İkinci olarak Türkiye’de bugün yaklaşık 15 milyon emekli var. Bu emeklilerden 3,3 milyonu İstanbul’da yaşıyor ve önemli bir kısmı da Anadolu kökenli insanlar. Bu nüfusun kendi köylerine dönüşünü teşvik edecek köy evleri projesi desteklenebilir. Çok düşük faizli, TOKİ’nin belirleyeceği tipteki projelerle köylerde bu insanlara Millî Emlak’ın arazilerinden, hazine arazilerinden 600 metrekareyi geçmeyecek şekilde konut ve köy evi yapımına elverişli arsalar, ücretsiz tahsis edilmek suretiyle verilmeli. Köye dönüş teşvik edilirse, emeklilik hakkını almış, üretim zinciri içerisinde yer almayan nüfusun, büyükşehirlerde baskı oluşturmasının önüne geçilebilir. Aldıkları emekli maaşlarının da Anadolu ekonomisine geri dönüşü sağlanır.

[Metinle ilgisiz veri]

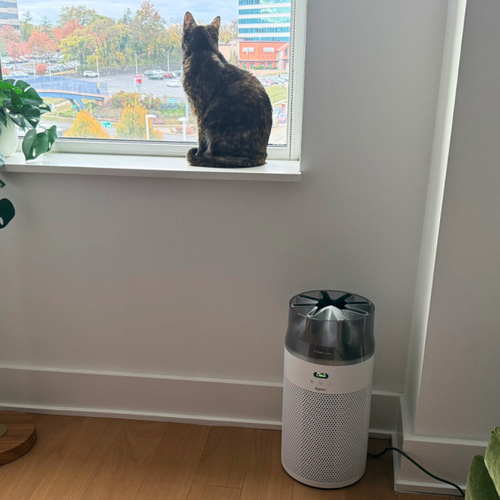 Dyson HushJet review: I can confirm that this is the ideal air purifier for small spaces and lazy people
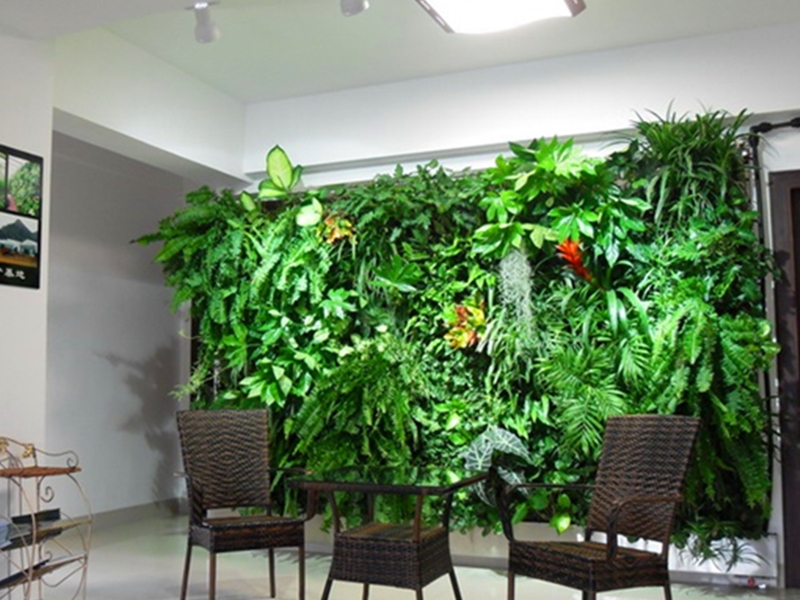 室内办公室植物墙的好处与制作步骤介绍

6 MİLYARLIK YATIRIM AVANTAJI

Yücel Bulut, sadece 500 bin emeklinin Anadolu’ya dönüşü durumunda yıl içerisinde İstanbul’da tahminen 6 milyar liralık bir yatırım avantajının oluşacağını belirterek “Bu insanların emekli maaşları yani 29 milyar lira para Anadolu ekonomisine dönüyor. Dolayısıyla bu, şehrin de rahatlaması anlamına gelir. 3,3 milyon emekliden sadece 500 bininin Anadolu’ya dönmesi demek, İstanbul’da kiraların yüzde 13-14 oranında düşmesi demek. Bu, Türkiye’nin depreme hazırlanması konusunda da çok büyük avantaj sağlayacaktır” dedi.